▸ INSTRUCTIONS TO FOLLOW
Your job is to give again, exactly and with no additions, the lines in the records below from the one with "1928 Limestone Dr, Hummelstown, PA" through the one with "Arturo Fuente Cigars", both included. Omit the pictures.

▸ DATASET EXTRACT
---*---
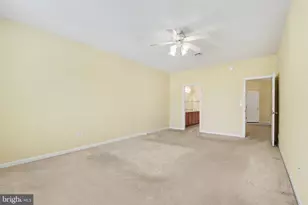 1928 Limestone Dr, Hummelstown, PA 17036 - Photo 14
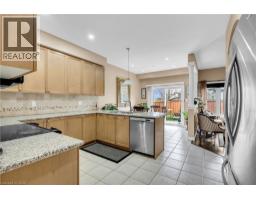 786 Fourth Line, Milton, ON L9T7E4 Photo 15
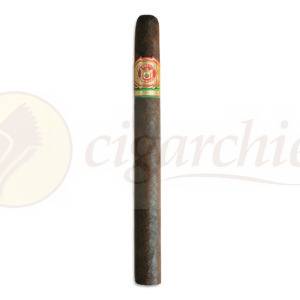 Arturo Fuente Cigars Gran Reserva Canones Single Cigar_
---*---
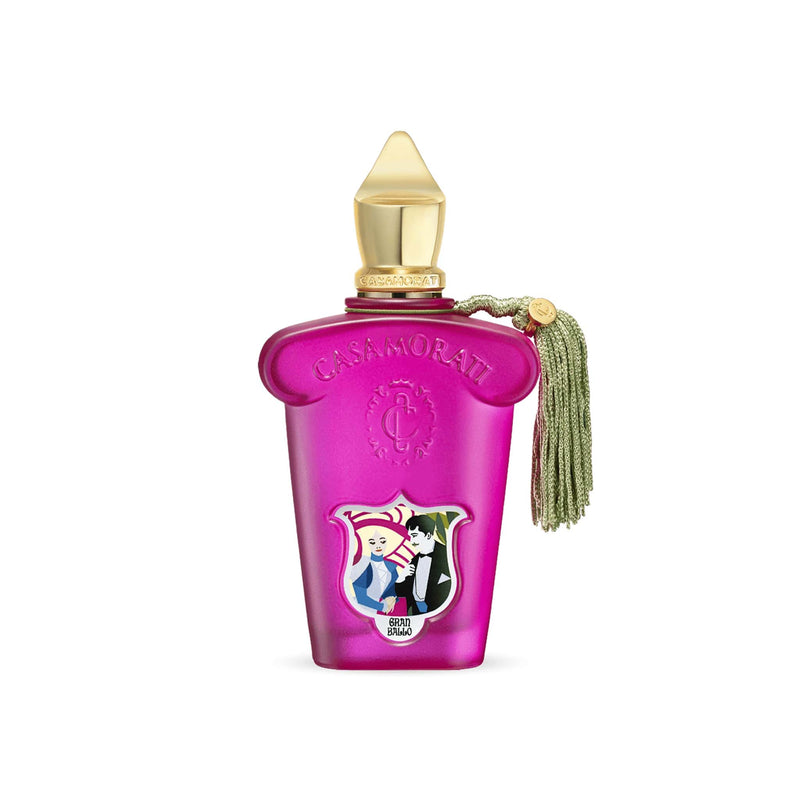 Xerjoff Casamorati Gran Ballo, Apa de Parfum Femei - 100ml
---*---
▸ COMPLETED TASK
 1928 Limestone Dr, Hummelstown, PA 17036 - Photo 14
 786 Fourth Line, Milton, ON L9T7E4 Photo 15
 Arturo Fuente Cigars Gran Reserva Canones Single Cigar_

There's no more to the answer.